That is exactly how search engines work, ideally: They find you what you're looking for, uncontaminated by what you're not looking for.
I'm well aware that they're not perfect, but if you're searching for cupcake recipes, that you don't get dropped off at Stormfront isn't 'curation', it's just properly executing a search. "Curation" is not finding you Stormfront even if you're looking for Stormfront. It's not finding sites naming Eric Ciaramella if somebody searches for "Who is the Ukraine call whistleblower?"
"As for social media, I’ve already explained it to you many times: nobody wants a website overrun with Nazis, trolls, and Nazi trolls. And spam, of course."
Trump wasn't kicked off Twitter and Facebook because nobody wanted to follow him there. He was kicked off Twitter and Facebook because too many people wanted to follow him there. He was wildly popular and Zuckerberg didn't like it.
FB and Twitter can't be "overrun" with people you don't like, except in the sense the telephone network is, because you don't have to freaking follow somebody if you don't want. You don't end up exposed to David Duke or whoever unless you want to be.
And if you're upset because a communications utility can be used by people you don't like, even though you don't have to encounter them unless you want?
You're the problem here.
"He was kicked off Twitter and Facebook because too many people wanted to follow him there. He was wildly popular and Zuckerberg didn’t like it."
Nobody's going to buy your gaslighting, Brett.
Trump was booted for violating the polices of those sites.
Repeatedly, deliberately, and unabashedly.
In fact, he was given extreme leeway that none of the rest of us would have received because he was President at the time.
Give me a break! The rules of those sites are so vague and malleable that they barely amount to more than, "Don't annoy us."
A couple years back, just for yucks, I went to the trouble of finding an Antifa page on FB where they were openly discussing plans to assault people, and reported it. It took a week, and they got back to me to say that they hadn't found anything objectionable. In a post that was literally discussing plans to physically assault people!
Guess what Brett:
You'll find that sort of inconsistency everywhere. I've reported things on various sites that were unambiguously against the ToS with no effect. That's how it goes.

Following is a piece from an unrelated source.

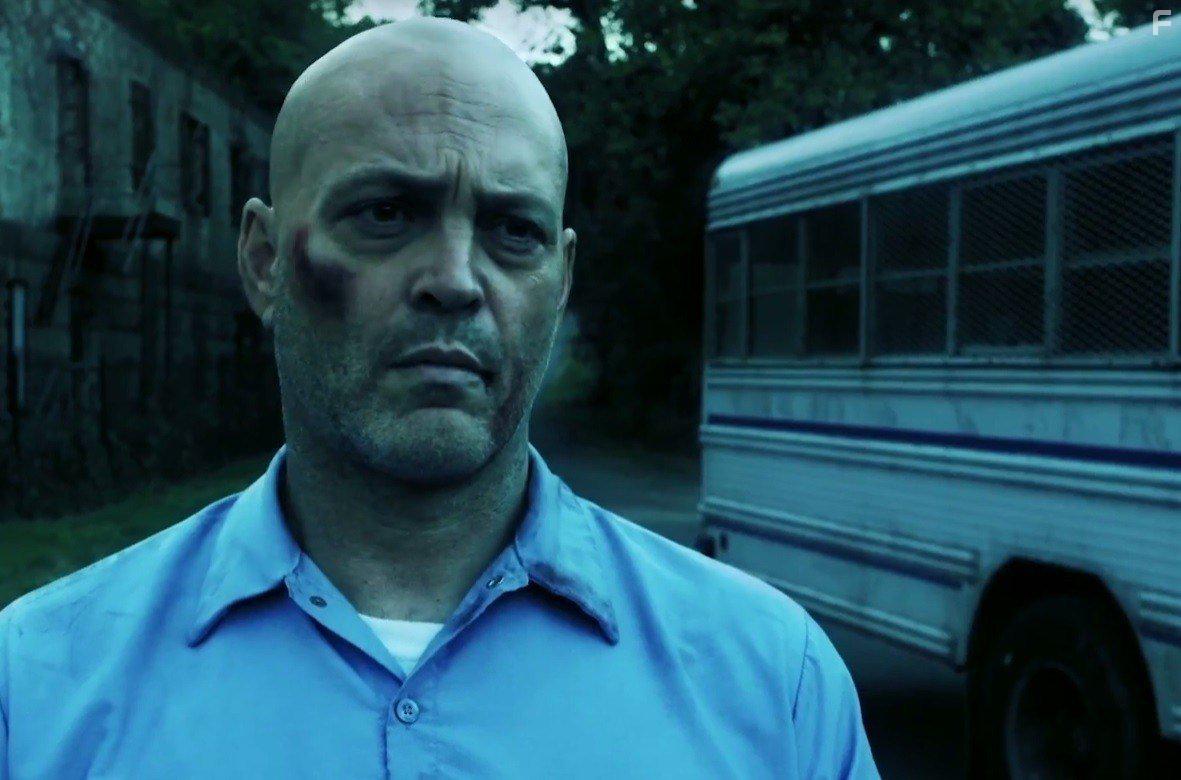 Vince Vaughn in Brawl in Cell Block 99 (2017)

Trump violated the policies without any doubt. You cannot possibly look at the ToS for Twitter (for instance) and look at Trump's tweets, and tell me that he didn't run afoul hundreds of times for the harassment and insults he spewed.

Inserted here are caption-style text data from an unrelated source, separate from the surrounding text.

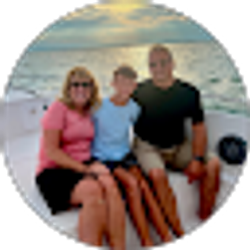 Profile photo of Burtscher Family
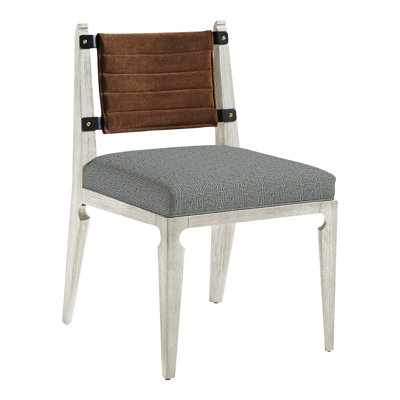 Chaise d'appoint Thom Filicia Home Gifford
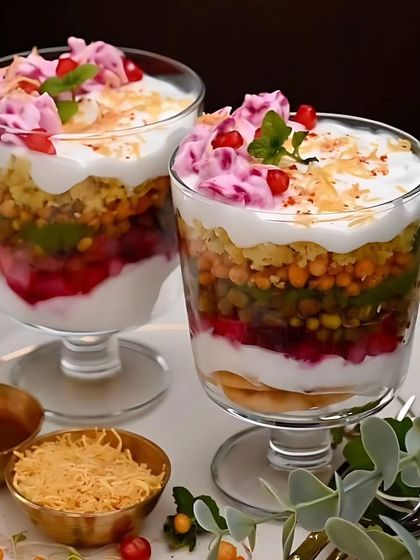 The Chaat Corner: A Fusion of Flavours photo 4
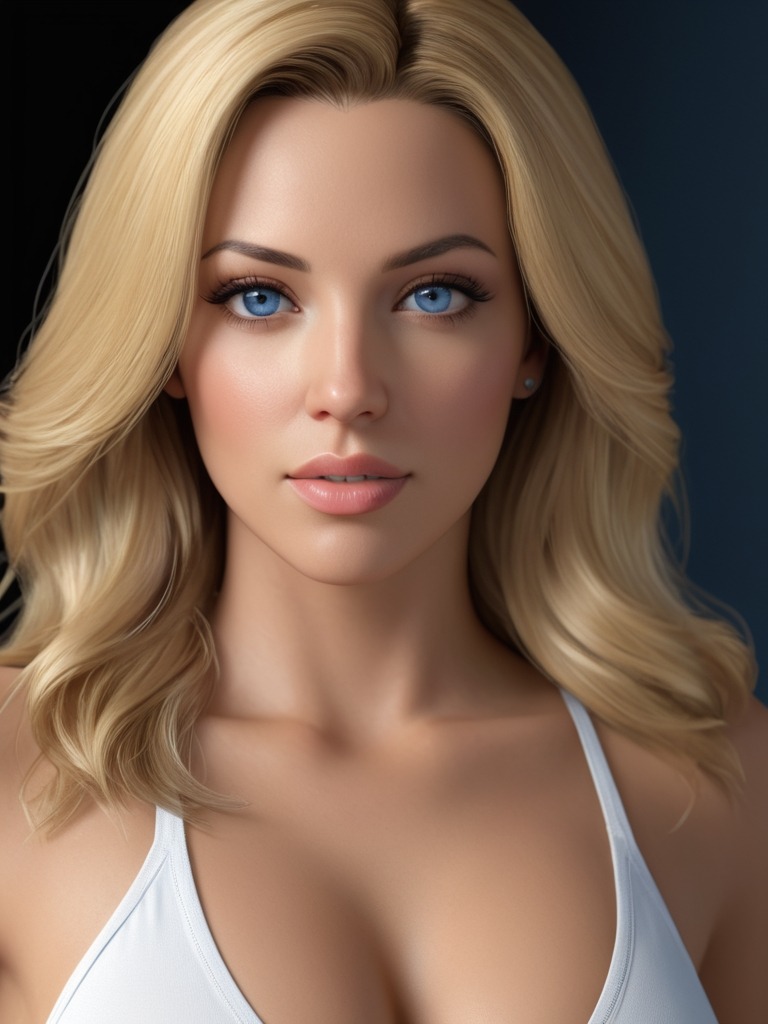 Jess Grimes, virtual dating AI character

Of course he did! The TOS are such that they're basically impossible to not violate if you say anything political, or even the slightest bit controversial.
Note that, until last Friday, the leader of the Taliban still had HIS Twitter account. Think HE wasn't violating the ToS?
Brett, you sound histrionic ninny.
Note how you just changed what you originally said, which was "search engines, functioning properly, only show you what you’re asking to see." What you're looking for and what you're asking to see aren't the same thing. The whole reason Google beat out other search engines in the marketplace is because it had a better algorithm to curate search results so that people could be shown what would actually be useful to them rather than just mindlessly spitting out searches based on pattern matching.
That's not how social media sites work. You seem to be confusing them with some sort of private bulletin boards where one has to subscribe to a particular set of content to see it. Of course a user can follow/friend someone, but that's not all that users see.
Actually, Google beat out the other search engines because their pattern matching was sophisticated and intelligent. Their curation actually created an opening for other search engines because it started degrading the search function for people who were looking for things Google didn't want found.
"That’s not how social media sites work."
I was on FB for about 10 years after moving from my home state of Michigan, to keep in contact with friends and relatives there. My wife is still on it. And that's exactly how it worked. The only time I saw content from somebody I wasn't following was when FB itself insisted on pushing content my way. Something I found so irritating that I actually used an extension to block it.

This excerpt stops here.